La sixième extinction de masse s'avère plus grave que prévu

Une aigrette sur la rivière Rapati, dans le parc national népalais de Chitwan, où vivent des espèces menacées comme le tigre du Bengale.
Photo: Prakash Mathema Agence France-Presse Une aigrette sur la rivière Rapati, dans le parc national népalais de Chitwan, où vivent des espèces menacées comme le tigre du Bengale.

La sixième extinction de masse de l’histoire de la planète, provoquée par l’activité humaine, est non seulement en marche, mais elle est « plus sévère » que ce qu’on croyait jusqu’à présent.

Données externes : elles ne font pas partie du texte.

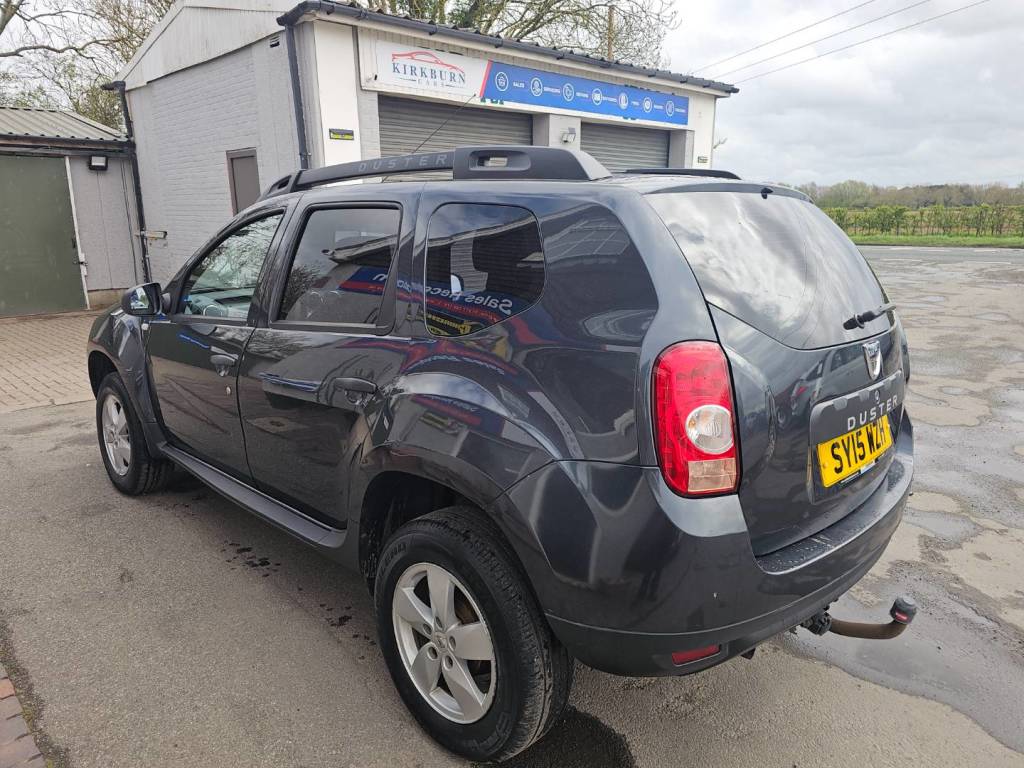 Used Dacia Duster 2015 for sale - 78219240: Photo 8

C’est ce que conclut une nouvelle étude scientifique, qui évoque carrément une « annihilation biologique » qui menace directement la civilisation.

Cette étude, publiée dans Proceedings of the National Academy of Sciences (PNAS), en vient à cette conclusion après une vaste analyse de la disparition des espèces vivantes sur Terre.

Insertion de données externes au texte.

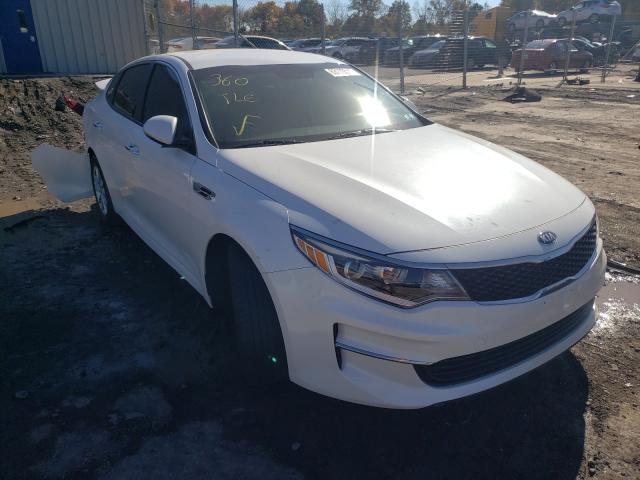 KIA OPTIMA LX 2016 knagt4l34g5086278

Les chercheurs ont ainsi étudié 27 600 espèces de vertébrés (mammifères, oiseaux, reptiles et amphibiens), soit environ la moitié des espèces connues, dont plusieurs ne sont pas considérées à l’heure actuelle comme étant en danger de disparition. Ils ont constaté, après analyse de l’évolution de ces populations animales, que pas moins de 32 % d’entre elles accusent des reculs majeurs quant au nombre d’individus, mais aussi quant à la superficie utilisée comme habitat naturel.

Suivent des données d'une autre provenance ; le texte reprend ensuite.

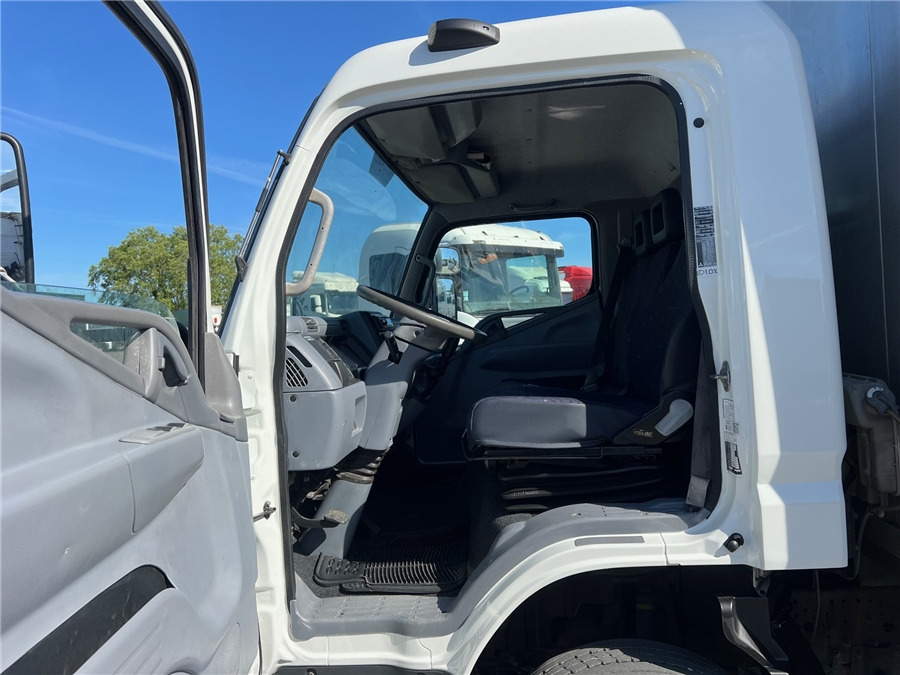 Carrinha de caixa aberta Mitsubishi Canter: foto 9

En évaluant un échantillon plus restreint de 177 espèces de mammifères, les chercheurs ont constaté que 40 % de celles-ci accusaient un recul de plus de 80 % de leur population, sans compter les contraintes de plus en plus fortes sur leurs habitats, donc sur les milieux naturels.

Extinction rapide

Selon les scientifiques, qui ont déjà publié une étude sur la sixième extinction en 2015, « l’accent mis sur l’extinction des espèces peut donner l’impression que la biodiversité terrestre n’est pas dramatiquement et immédiatement menacée, mais qu’elle entre juste lentement dans un épisode d’érosion majeur, que l’on pourra combattre plus tard ».

Or, pas moins de 30 % des espèces en déclin à l’heure actuelle sont encore considérées comme étant « communes ». « Qu’autant d’espèces communes voient leurs effectifs diminuer est un signe fort de la gravité de l’épisode d’extinction biologique actuel », préviennent les auteurs de l’étude.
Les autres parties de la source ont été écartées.